Humans Grow Hair

A very brief take of Yglesias’ Immigrants Create Jobs post.

It’s very Thomas Friedman-like; a little ordinary observation expanded into major policy implications.  In this case the policy implication is one of the various gentrification strategies to take back the ghettos so decent people can live in the cities again.  Here’s six of Foseti’s many posts on the subject in chronological order: (1, 2, 3, 4, 5, 6)

One of the latest proposed tactics is inviting immigrants to follow the District’s ‘The Plan‘ and ‘race-replace‘ the populations of dying rust-belt cities, just like Bloomberg recommends for Detroit.  To paraphrase James Baldwin, and his criticism of the concept’s hidden pretexts and undertones from half a century ago ‘Urban renewal is Negro Removal‘.

How we’re supposed to ‘assign’ immigrants to particular ghettos and keep them there is a bit of an unspecified mystery.  Is the federal government going to deport them and their kids if they decide to move?  Of course not.  But we suspect immigrants will tend to ‘flood the zone‘ (see the bit about Whitney) and recreate micro-neighborhoods and schools they won’t feel the need to flee from.  Maybe then the family-forming whites will move back in too; wouldn’t that be something!

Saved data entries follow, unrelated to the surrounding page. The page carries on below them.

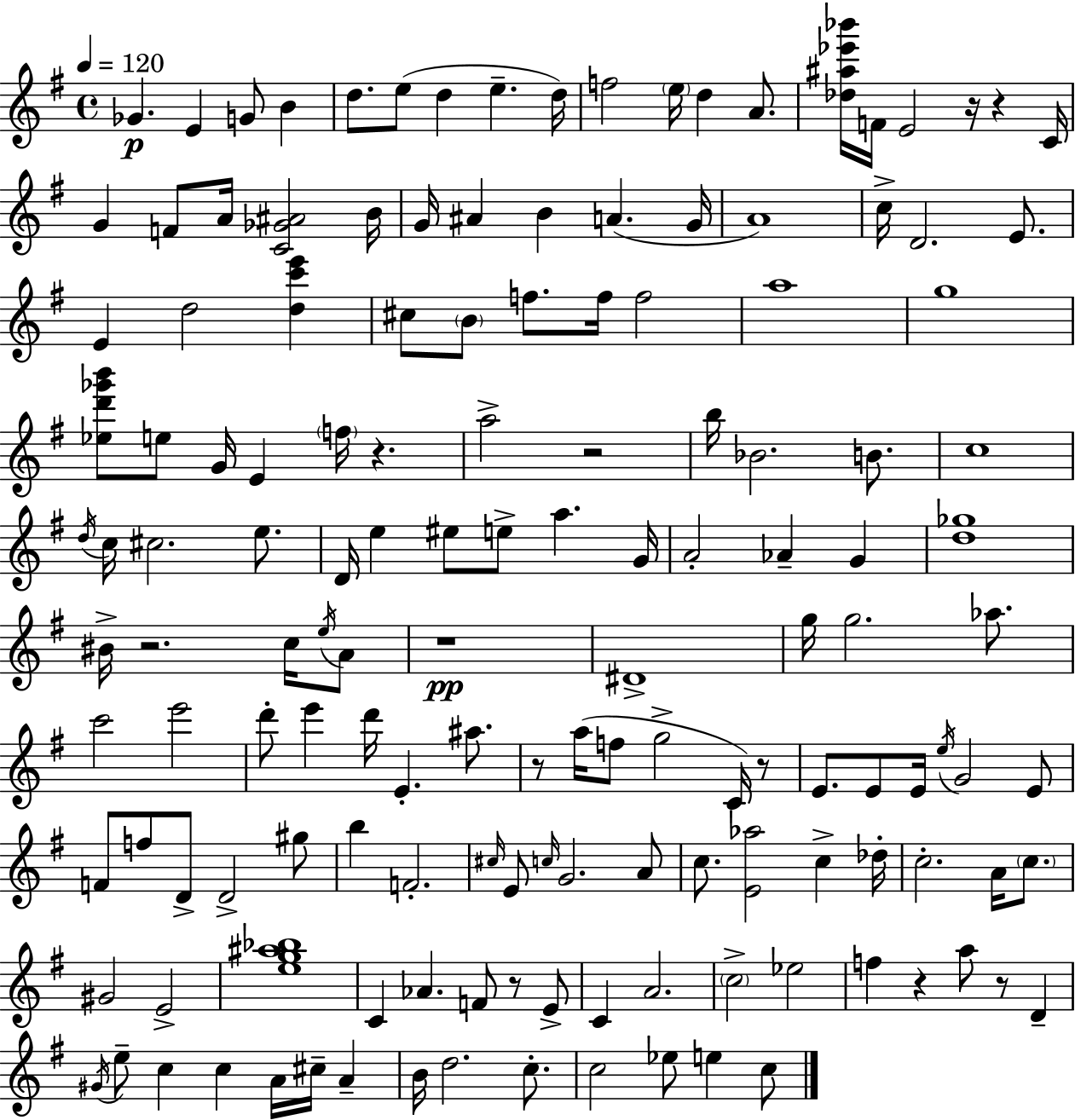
{
  \clef treble
  \time 4/4
  \defaultTimeSignature
  \key e \minor
  \tempo 4 = 120
  ges'4.\p e'4 g'8 b'4 | d''8. e''8( d''4 e''4.-- d''16) | f''2 \parenthesize e''16 d''4 a'8. | <des'' ais'' ees''' bes'''>16 f'16 e'2 r16 r4 c'16 | \break g'4 f'8 a'16 <c' ges' ais'>2 b'16 | g'16 ais'4 b'4 a'4.( g'16 | a'1) | c''16-> d'2. e'8. | \break e'4 d''2 <d'' c''' e'''>4 | cis''8 \parenthesize b'8 f''8. f''16 f''2 | a''1 | g''1 | \break <ees'' d''' ges''' b'''>8 e''8 g'16 e'4 \parenthesize f''16 r4. | a''2-> r2 | b''16 bes'2. b'8. | c''1 | \break \acciaccatura { d''16 } c''16 cis''2. e''8. | d'16 e''4 eis''8 e''8-> a''4. | g'16 a'2-. aes'4-- g'4 | <d'' ges''>1 | \break bis'16-> r2. c''16 \acciaccatura { e''16 } | a'8 r1\pp | dis'1-> | g''16 g''2. aes''8. | \break c'''2 e'''2 | d'''8-. e'''4 d'''16 e'4.-. ais''8. | r8 a''16( f''8 g''2-> c'16) | r8 e'8. e'8 e'16 \acciaccatura { e''16 } g'2 | \break e'8 f'8 f''8 d'8-> d'2-> | gis''8 b''4 f'2.-. | \grace { cis''16 } e'8 \grace { c''16 } g'2. | a'8 c''8. <e' aes''>2 | \break c''4-> des''16-. c''2.-. | a'16 \parenthesize c''8. gis'2 e'2-> | <e'' g'' ais'' bes''>1 | c'4 aes'4. f'8 | \break r8 e'8-> c'4 a'2. | \parenthesize c''2-> ees''2 | f''4 r4 a''8 r8 | d'4-- \acciaccatura { gis'16 } e''8-- c''4 c''4 | \break a'16 cis''16-- a'4-- b'16 d''2. | c''8.-. c''2 ees''8 | e''4 c''8 \bar "|."
}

So Yglesias went to Cleveland and enjoyed a good meal at a Chinese restaurant.  He’s right, I’m pretty disappointed with DC’s restaurant food quality as well, ethnic or otherwise.  I’ve found better, at a better value, in the Midwest and Northwest, and it doesn’t hold a candle to NYC.  District restaurants must tend to be competing on the basis of social-scene trendiness instead of food quality, which is why Tyler Cowen will tell you to drive into the least trendy locales to find those kinds of market conditions, and even then their food still isn’t all that good.

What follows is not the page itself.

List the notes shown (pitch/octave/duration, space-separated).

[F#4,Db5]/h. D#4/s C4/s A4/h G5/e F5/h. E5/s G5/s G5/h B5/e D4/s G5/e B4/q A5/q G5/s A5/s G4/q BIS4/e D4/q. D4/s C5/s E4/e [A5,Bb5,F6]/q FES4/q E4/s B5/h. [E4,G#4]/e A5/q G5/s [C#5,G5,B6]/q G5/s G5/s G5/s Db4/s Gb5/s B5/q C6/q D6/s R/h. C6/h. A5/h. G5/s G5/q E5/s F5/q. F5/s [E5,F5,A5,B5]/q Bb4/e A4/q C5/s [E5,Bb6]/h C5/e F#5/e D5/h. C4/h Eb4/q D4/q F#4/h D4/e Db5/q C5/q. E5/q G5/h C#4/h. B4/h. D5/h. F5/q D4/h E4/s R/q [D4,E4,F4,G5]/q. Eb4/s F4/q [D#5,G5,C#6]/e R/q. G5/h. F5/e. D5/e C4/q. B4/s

But getting back to the story, Yglesias notices the remarkable fact that there are Chinese individuals employed making the tasty Chinese food, and he says immigrants create jobs as if that’s a major point of contention in empirical economics and political science.

Strawman:

A straw man or straw person, also known in the UK as an Aunt Sally,[1][2] is a common type of argument and is an informal fallacy based on misrepresentation of an opponent’s position.[3] To “attack a straw man” is to create the illusion of having refuted a proposition by replacing it with a superficially similar yet unequivalent proposition (the “straw man”), and to refute it, without ever having actually refuted the original position

So, we could play a little game of ‘exactly what is being refuted?’.  Fortunately, he helps us, ‘To think of the city as having a fixed sum of jobs that are either “taken” by immigrants or else “left” for natives is very misleading.’

It certainly is misleading.  Which is why no one is thinking that way.  Instead, the argument is a very simple one of supply and demand, both in the labor and consumption markets.  Of course immigrants will try and get jobs and make money, we’re talking about the impact on the broader host society markets.

What people are thinking is that immigrants tend to depress wages in the sectors in which they work vs. the counterfactual scenario.  This is the opposite of the theory of unions or rent-seeking licensed professions (against which Yglesias frequently argues) which try to restrict entry of labor into a profession to keep wages high.  If the unions/licensing strategies work (they do), then doing the reverse by any means, including immigration, should have the opposite effect.

Let’s split these supplies and demands apart.

First, immigrants are human beings.  That means they crave things like food and shelter and security and toilet paper and real estate and yes, even haircuts.  Somebody’s got to provide those goods and services in the new country, and stop providing them in the old country.  If it helps the US economy, does it not hurt the emigrant country’s economy?

To the extent that immigrants prefer their native cuisine and those practiced in producing it, as well as barbers more familiar with the follicular tendencies of their heritage, then yes, the new demand is met with new suppliers.  Natives can perceive this new supply as a ‘market completion’ and reallocate their consumption choices towards it and away from the pre-existing substitute alternatives.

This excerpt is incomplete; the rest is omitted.